As I left the building I came across several children tossing pieces of bread to several large fish, turtles, ducks, and a pair of black swans (indeed it appears that the entire ecosystem of the pond now depends on the kindness of small children).  It was a reminder that in contrast to all the light and possibilities of lightness in “Peer Out to See,” the implications of two black swans hard by a crystal palace is something that no stockholder would wish to explore.

- Ed Osborn [Sunday, September 19th, 2010]
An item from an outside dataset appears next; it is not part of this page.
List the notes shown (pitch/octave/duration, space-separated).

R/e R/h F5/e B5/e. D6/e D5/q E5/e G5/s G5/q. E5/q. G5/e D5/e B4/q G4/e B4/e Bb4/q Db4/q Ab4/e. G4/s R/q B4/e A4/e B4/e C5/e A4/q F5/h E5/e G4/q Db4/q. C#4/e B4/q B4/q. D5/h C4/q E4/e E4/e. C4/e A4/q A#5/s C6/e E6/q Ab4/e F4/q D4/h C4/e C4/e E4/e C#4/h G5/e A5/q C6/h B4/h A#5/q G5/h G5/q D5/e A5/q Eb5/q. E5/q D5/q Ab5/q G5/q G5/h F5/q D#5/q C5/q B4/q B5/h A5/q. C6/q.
At the Caixa Photo Prize exhibition at the Caixa Forum in Madrid Emilio Morenatti’s winning entry is a set of portraits of Pakistani women who have deformed faces as the result of acid attacks.  Though the images (and the stories that accompany them) are horrifying, their formal portraiture portrays the women with a dignity that their attackers would wish to deny.  While most of the work on view from ten photographers depicts extreme poverty or situations of institutional violence, the photos share a moderate to high-gloss aesthetic - even Walter Astrada’s images of post-election violence in Kenya share the same color balance qualities of National Geographic. Only Mikel Aristregi’s photos of life among the alcoholic vagrants of Mongolia’s capital Ulan Bator occasionally present their subjects in a flatter light. 
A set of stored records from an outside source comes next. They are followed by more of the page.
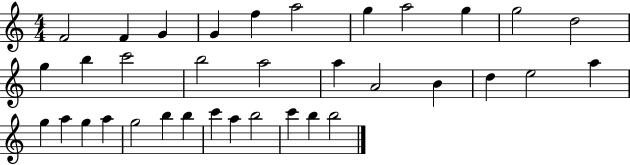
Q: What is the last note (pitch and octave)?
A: B5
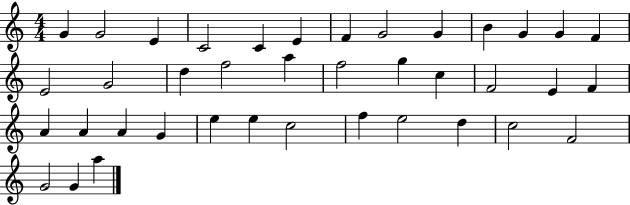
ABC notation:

X:1
T:Untitled
M:4/4
L:1/4
K:C
G G2 E C2 C E F G2 G B G G F E2 G2 d f2 a f2 g c F2 E F A A A G e e c2 f e2 d c2 F2 G2 G a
Staff at the exhibition said that the catalog sales for this annual exhibition are normally slow.  But this year, with a stoic, acid-etched face staring out from its cover and many more contained within, the catalog has proved to be a surprise hit.  While aestheticized images of violence make for a wider audience and more palatable viewing, I was left wondering what gripping but graphic photos didn’t make the cut because they weren’t photographic enough.